Data for the task
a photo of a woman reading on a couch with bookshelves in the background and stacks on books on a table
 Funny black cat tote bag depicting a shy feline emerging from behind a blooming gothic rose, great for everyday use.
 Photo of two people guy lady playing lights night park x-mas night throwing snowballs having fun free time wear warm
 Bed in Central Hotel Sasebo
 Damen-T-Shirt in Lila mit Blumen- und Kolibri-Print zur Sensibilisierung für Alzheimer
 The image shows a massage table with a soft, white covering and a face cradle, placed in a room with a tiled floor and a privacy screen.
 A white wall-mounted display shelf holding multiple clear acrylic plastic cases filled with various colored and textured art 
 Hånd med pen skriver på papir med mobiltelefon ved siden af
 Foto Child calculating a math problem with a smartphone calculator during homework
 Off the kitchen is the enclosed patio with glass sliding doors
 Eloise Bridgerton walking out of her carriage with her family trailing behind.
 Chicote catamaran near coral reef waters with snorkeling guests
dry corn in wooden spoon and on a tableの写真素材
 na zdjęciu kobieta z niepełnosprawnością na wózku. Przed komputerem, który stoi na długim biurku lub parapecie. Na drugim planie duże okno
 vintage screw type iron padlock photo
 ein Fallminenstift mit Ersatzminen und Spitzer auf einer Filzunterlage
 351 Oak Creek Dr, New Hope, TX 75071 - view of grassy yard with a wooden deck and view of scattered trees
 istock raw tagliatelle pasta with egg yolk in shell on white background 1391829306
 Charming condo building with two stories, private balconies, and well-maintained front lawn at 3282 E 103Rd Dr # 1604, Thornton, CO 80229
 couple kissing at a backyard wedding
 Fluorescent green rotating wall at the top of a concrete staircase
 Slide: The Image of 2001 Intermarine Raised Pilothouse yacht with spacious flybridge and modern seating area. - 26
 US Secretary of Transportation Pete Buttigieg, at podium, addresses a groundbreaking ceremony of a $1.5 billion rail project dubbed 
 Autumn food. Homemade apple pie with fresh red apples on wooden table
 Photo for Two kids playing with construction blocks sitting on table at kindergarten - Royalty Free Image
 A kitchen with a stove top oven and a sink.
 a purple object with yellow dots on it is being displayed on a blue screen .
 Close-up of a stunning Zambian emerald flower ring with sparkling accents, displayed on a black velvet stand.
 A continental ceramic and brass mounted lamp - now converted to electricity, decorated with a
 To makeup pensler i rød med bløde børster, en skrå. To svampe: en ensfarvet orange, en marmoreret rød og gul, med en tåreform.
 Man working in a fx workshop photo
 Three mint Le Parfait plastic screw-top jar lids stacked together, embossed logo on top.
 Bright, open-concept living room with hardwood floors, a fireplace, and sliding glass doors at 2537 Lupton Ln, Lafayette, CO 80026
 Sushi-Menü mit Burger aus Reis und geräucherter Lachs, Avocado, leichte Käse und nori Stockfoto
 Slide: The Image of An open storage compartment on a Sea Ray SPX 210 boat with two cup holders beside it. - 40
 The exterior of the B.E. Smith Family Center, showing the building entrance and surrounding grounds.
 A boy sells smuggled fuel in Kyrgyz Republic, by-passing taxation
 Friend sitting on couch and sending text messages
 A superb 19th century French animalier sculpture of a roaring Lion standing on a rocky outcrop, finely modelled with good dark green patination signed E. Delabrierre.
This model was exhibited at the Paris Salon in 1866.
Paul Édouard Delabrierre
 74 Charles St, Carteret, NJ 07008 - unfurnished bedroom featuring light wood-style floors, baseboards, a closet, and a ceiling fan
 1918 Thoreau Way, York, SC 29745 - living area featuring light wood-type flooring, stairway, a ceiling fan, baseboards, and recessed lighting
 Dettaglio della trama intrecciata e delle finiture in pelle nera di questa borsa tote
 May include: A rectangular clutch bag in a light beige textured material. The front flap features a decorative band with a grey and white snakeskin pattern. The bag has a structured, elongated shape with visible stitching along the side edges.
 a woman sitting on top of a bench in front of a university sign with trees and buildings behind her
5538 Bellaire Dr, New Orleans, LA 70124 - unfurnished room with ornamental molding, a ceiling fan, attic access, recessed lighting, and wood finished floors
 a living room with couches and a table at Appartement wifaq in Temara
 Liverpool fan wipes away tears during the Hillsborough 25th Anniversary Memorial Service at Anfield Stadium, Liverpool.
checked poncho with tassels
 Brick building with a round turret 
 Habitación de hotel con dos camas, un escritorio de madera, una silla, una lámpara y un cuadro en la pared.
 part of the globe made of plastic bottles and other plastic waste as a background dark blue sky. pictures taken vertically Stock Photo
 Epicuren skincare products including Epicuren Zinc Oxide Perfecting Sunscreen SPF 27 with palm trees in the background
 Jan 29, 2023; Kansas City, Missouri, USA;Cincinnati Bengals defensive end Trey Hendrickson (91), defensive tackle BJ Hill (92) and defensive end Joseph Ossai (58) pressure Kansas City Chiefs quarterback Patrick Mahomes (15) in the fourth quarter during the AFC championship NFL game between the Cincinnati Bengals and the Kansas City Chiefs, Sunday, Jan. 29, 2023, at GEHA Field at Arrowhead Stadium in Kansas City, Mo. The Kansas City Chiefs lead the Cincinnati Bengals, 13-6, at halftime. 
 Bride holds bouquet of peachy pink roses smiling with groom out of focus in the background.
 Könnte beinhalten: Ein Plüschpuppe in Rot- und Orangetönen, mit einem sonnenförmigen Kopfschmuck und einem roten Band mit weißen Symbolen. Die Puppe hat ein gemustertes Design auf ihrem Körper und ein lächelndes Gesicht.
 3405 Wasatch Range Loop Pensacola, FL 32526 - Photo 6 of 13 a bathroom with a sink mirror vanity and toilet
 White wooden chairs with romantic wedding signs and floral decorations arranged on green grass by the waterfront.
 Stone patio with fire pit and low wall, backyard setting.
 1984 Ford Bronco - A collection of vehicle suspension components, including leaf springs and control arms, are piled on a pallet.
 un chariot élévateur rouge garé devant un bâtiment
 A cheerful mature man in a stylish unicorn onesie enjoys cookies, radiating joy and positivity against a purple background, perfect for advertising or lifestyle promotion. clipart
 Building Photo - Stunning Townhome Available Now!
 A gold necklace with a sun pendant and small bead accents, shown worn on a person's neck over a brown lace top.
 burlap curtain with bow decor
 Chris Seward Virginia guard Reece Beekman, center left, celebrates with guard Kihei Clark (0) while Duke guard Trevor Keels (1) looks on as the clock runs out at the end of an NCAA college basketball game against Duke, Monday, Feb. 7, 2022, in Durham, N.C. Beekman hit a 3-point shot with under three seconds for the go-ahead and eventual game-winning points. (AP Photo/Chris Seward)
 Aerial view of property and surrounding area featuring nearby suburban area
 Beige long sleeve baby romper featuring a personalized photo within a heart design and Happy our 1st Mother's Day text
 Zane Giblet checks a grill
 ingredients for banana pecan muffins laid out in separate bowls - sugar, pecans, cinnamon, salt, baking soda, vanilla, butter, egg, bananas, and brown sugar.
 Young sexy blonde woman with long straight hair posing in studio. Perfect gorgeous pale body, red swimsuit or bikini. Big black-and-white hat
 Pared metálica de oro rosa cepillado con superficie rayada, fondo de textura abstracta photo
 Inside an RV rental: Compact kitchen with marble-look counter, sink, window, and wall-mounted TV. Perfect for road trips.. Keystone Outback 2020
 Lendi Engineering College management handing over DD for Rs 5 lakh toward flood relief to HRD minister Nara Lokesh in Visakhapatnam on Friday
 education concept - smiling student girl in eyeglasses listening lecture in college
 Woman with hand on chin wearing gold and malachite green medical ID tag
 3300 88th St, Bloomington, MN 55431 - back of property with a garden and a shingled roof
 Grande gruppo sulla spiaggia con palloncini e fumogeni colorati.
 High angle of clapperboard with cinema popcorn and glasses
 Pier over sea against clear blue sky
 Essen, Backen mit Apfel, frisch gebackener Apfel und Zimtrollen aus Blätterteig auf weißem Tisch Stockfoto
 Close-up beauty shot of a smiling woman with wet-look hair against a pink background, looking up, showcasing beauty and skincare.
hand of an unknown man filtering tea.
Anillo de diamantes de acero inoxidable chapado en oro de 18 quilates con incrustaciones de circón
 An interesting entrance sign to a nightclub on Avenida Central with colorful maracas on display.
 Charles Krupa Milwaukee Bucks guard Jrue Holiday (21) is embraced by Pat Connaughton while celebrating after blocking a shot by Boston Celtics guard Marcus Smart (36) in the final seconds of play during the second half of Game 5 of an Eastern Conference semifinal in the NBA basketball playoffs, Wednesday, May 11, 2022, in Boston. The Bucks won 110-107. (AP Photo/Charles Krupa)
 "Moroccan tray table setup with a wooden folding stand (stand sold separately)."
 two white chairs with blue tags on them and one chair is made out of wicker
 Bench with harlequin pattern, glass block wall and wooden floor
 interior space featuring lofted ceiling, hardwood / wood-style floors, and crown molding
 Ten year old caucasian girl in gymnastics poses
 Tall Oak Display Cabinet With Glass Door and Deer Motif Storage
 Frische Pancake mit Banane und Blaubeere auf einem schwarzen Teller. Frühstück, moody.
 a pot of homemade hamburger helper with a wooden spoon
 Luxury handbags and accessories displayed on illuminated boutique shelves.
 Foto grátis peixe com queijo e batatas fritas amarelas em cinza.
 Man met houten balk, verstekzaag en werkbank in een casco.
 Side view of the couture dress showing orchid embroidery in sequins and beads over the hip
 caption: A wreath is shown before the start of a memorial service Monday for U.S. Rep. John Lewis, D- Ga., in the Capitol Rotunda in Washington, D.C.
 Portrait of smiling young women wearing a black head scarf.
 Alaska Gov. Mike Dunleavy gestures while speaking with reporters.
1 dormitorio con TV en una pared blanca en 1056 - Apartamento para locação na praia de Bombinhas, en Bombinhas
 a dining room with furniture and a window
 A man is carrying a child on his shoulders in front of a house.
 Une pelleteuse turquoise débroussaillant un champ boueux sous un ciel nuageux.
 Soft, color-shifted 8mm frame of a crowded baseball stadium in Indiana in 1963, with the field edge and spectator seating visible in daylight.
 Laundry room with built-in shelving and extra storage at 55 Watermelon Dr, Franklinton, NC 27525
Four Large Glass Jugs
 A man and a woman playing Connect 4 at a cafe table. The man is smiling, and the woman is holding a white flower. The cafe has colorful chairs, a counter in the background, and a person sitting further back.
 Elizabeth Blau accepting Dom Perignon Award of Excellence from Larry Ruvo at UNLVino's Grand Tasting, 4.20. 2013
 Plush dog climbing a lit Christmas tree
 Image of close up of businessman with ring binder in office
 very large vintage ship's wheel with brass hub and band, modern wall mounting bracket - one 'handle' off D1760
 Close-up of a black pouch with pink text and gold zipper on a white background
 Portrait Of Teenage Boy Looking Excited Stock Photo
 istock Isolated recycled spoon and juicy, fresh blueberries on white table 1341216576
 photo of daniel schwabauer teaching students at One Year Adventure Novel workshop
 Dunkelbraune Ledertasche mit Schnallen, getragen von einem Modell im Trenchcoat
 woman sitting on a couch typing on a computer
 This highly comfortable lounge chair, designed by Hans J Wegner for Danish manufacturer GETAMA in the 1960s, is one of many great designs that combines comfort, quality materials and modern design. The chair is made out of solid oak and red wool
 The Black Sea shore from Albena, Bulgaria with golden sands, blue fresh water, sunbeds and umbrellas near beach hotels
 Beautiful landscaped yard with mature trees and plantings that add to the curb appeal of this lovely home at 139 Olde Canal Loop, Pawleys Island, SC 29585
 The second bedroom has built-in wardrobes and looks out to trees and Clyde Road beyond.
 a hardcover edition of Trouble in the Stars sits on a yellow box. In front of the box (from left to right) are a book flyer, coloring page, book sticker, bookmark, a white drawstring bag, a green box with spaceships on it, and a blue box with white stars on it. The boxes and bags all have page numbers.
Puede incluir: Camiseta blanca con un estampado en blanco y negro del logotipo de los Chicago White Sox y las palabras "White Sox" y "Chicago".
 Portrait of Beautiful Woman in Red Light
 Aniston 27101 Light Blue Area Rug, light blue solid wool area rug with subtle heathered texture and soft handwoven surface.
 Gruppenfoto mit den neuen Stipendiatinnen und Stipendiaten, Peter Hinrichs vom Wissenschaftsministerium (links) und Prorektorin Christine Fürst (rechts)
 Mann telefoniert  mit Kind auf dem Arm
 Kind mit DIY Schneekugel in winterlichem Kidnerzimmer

What the exercise asks
Up to and including the line with "Funny black cat", transcribe the entries above exactly, starting from their first line.

Solution to the exercise
a photo of a woman reading on a couch with bookshelves in the background and stacks on books on a table
 Funny black cat tote bag depicting a shy feline emerging from behind a blooming gothic rose, great for everyday use.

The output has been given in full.